Output the data verbatim, minus the images.

### The data
§
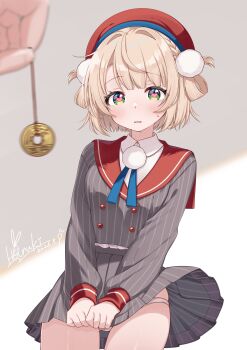 Rule 34 | 1girl, absurdres, beret, blonde hair, blush, dated, dress, green eyes, hair ornament, haruki (colorful macaron), hat, heart, heart-shaped pupils, highres, hypnosis, indie virtual youtuber, mind control, motion blur, panties, panty peek, pendulum, pom pom (clothes), pom pom hair ornament, shigure ui (1st costume) (vtuber), shigure ui (vtuber), signature, striped clothes, striped dress, sweat, symbol-shaped pupils, underwear, virtual youtuber, white panties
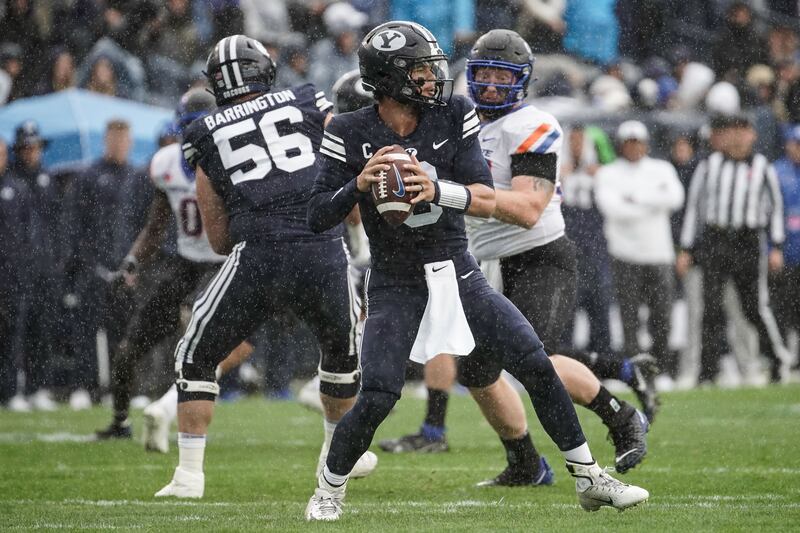 Brigham Young quarterback Jaren Hall looks to throw the ball against Boise State.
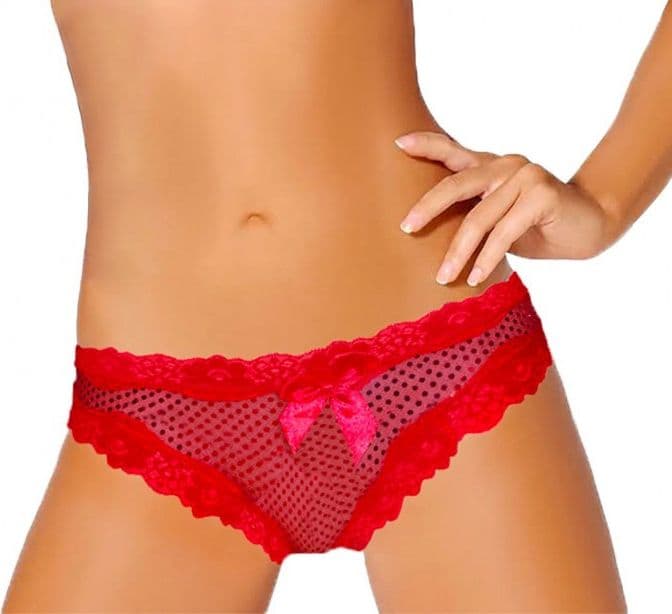 SLIP DONNA ROSSO BRASILIANA COMET CON LUCENTI POIS E BORDI MERLETTATI – S-M – TrAdE Shop Traesio – tessuto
§
### Reply
 Rule 34 | 1girl, absurdres, beret, blonde hair, blush, dated, dress, green eyes, hair ornament, haruki (colorful macaron), hat, heart, heart-shaped pupils, highres, hypnosis, indie virtual youtuber, mind control, motion blur, panties, panty peek, pendulum, pom pom (clothes), pom pom hair ornament, shigure ui (1st costume) (vtuber), shigure ui (vtuber), signature, striped clothes, striped dress, sweat, symbol-shaped pupils, underwear, virtual youtuber, white panties
 Brigham Young quarterback Jaren Hall looks to throw the ball against Boise State.
 SLIP DONNA ROSSO BRASILIANA COMET CON LUCENTI POIS E BORDI MERLETTATI – S-M – TrAdE Shop Traesio – tessuto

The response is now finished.